Kino und Fußball sind seine Hobbys: Maximilian Schulz geht gerne ins City Kino und in den Mathäser Filmpalast – beide nahe Stachus. Als Fan von Eintracht Frankfurt trifft er sich immer wieder mit der eingefleischten Fan-Gemeinde zum Fußballschauen im Bürgerheim im Westend.

Stammstrecke: Immer mehr Aufzüge kaputt

Doch immer öfter kommt er zu spät zu seinen Treffen. Oder er gibt auf dem Weg dorthin auf. Der Grund: Der Münchner ist Rollstuhlfahrer. "Immer mehr Aufzüge an der Stammstrecke sind defekt. Das bremst mich aus. Wo bleibt die Barrierefreiheit?", kritisiert er die Zustände.

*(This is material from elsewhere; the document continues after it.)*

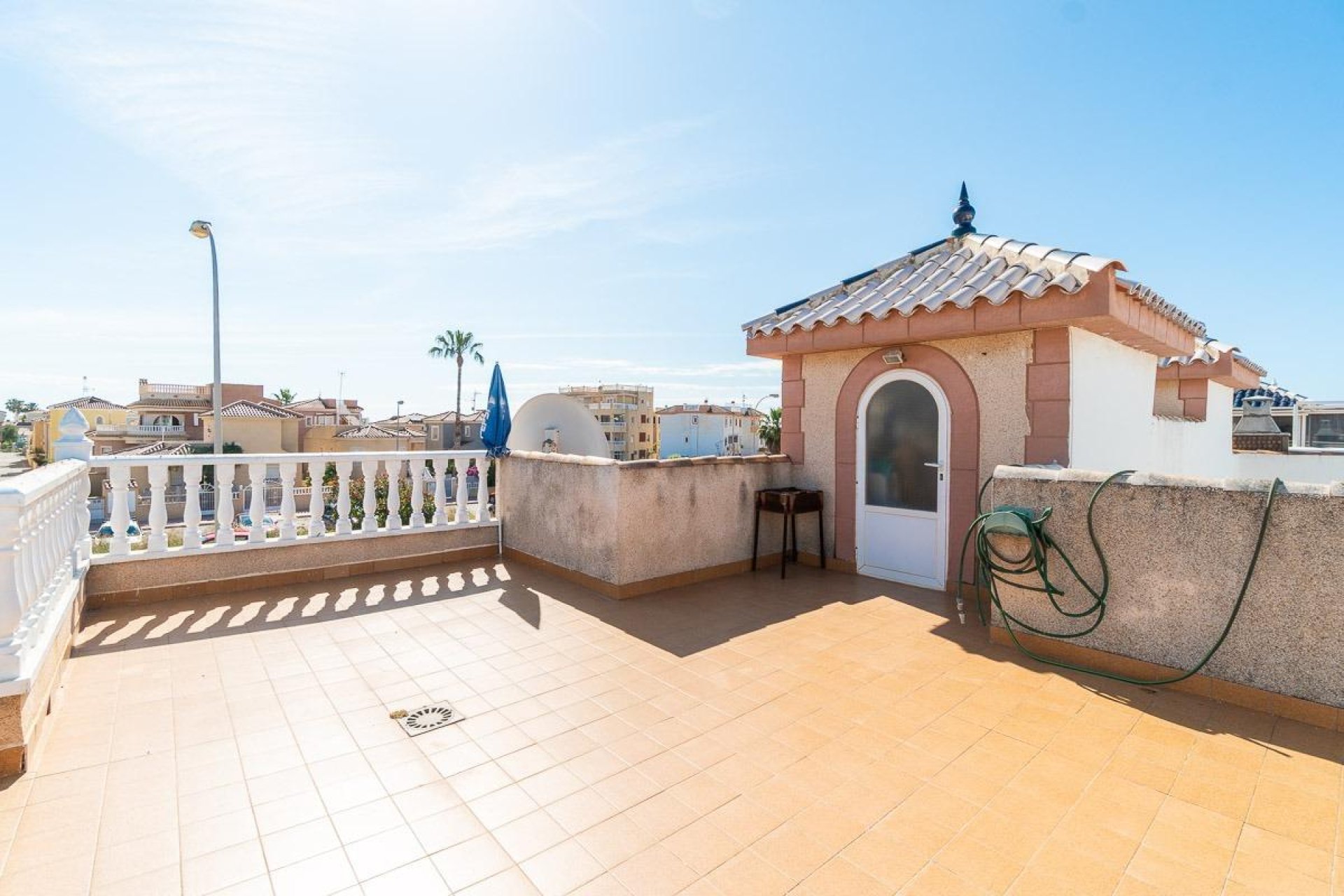 Resale - Villa * - Orihuela Costa * - Punta Prima *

Rollstuhlfahrer Maximilian Schulz unterwegs an einem Aufzug am Stachus.
Rollstuhlfahrer Maximilian Schulz unterwegs an einem Aufzug am Stachus. © Daniel von Loeper

Rollstuhlfahrer stellt schlechtes Zeugnis aus

OB Dieter Reiter hat er deswegen bereits 2024 einen Brief geschrieben. "Doch die Aufzugsituation wird seitdem nur noch schlechter. Und so bewirbt sich München für die Paralympics?". Der Rollstuhlfahrer stellt München ein miserables Zeugnis aus.

Lifte in Laim und Rosenheimer Platz werden saniert

Die Aufzüge am Rosenheimer Platz und die in Laim funktionieren aktuell sowieso nicht. Sie werden überholt. Maximilian Schulz hat festgestellt, dass es in den letzten Wochen immer wieder neue Lift-Ausfälle an der Stammstrecke gibt: an der Hackerbrücke, an der Donnersbergerbrücke und am Stachus.

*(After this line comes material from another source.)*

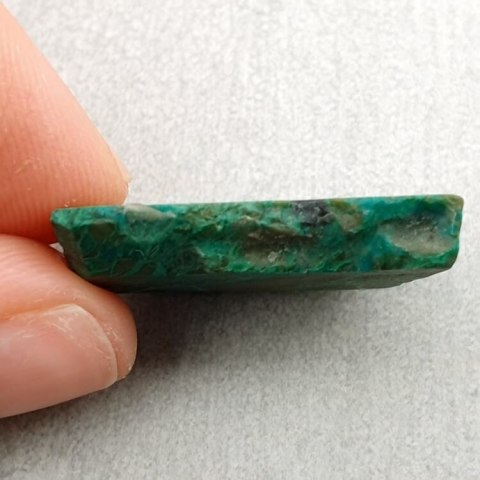 Chryzokola cięta surowa 24x17 mm nr 71 Chryzokola cięta surowa 24x17 mm nr 71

"Das schränkt mich ein. Es ist fürchterlich. Die Verantwortlichen der Verkehrsbetriebe und der Stadt sollten häufig kaputte Aufzüge bitte ganz ersetzen", fordert der 39-jährige Münchner.

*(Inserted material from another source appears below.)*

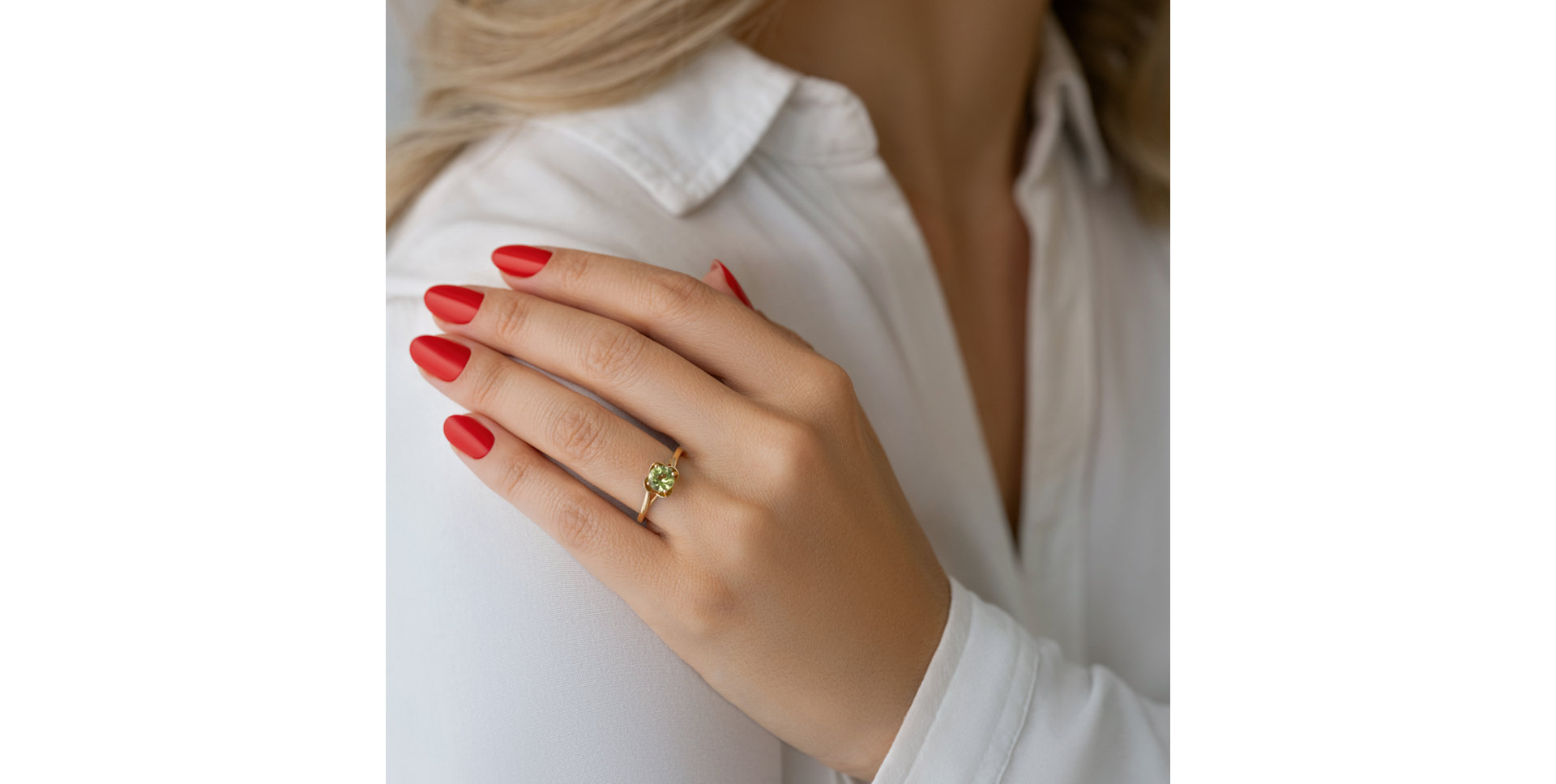 Prsten s peridotem a diamanty Charming Delight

Am Stachus dokumentiert: Dieser Aufzug im Sperrengeschoss war am 11. November defekt.
Am Stachus dokumentiert: Dieser Aufzug im Sperrengeschoss war am 11. November defekt. © Maximilian Schulz

Der Stachus ist ein "Brennpunkt"

Den Stachus nennt er aktuell den "Brennpunkt der Probleme". Auch wegen großer Unsauberkeit. "Bereits zwei Mal lag Kot im Aufzug. Den Lift wollte ich dann natürlich nicht benutzen", erklärt Schulz. Auf AZ-Anfrage sagt ein Sprecher der Deutschen Bahn dazu: "Bei derartigen Verschmutzungen bitten wir um Meldung an die 3-S-Zentrale, die durch ihre 24-Stunden-Besetzung die Reinigung sofort veranlassen kann".

Diese Telefonnummer stehe unter Bahnhof.de oder hänge im Aufzug oder in Aufzugnähe aus, sagt der Bahnsprecher. Maximilian Schulz: "Das ist mir neu, dass dann sofort sauber gemacht wird. Ich werde das testen und Bescheid geben", erklärt der Rollstuhlfahrer.

Die MVG informiert zu Verschmutzungen: "An stark frequentierten U-Bahnhöfen sind Reinigungsteams permanent vor Ort."

Angst, nicht nach Hause zu kommen

Die Situation im ÖPNV bedeute für ihn "maximale Unsicherheit". Es sei "eine Zitterpartie und macht mir Bauchschmerzen. Ich kann mich nicht darauf verlassen, dass ich an mein Ziel komme. Manchmal habe ich auch Angst, vom Sperrengeschoss nicht mehr an die Oberfläche zu kommen – also, dass ich es abends nicht heim schaffe", sagt Schulz.

Was helfen würde: "Rund um die Uhr sollte ein Technikteam erreichbar sein", fordert er. Die Deutsche Bahn sagt ihm das für den Notfall zu: "Die DB arbeitet im Falle einer Personenbefreiung mit Interventionspartnern zusammen, welche 24 Stunden zur Verfügung stehen."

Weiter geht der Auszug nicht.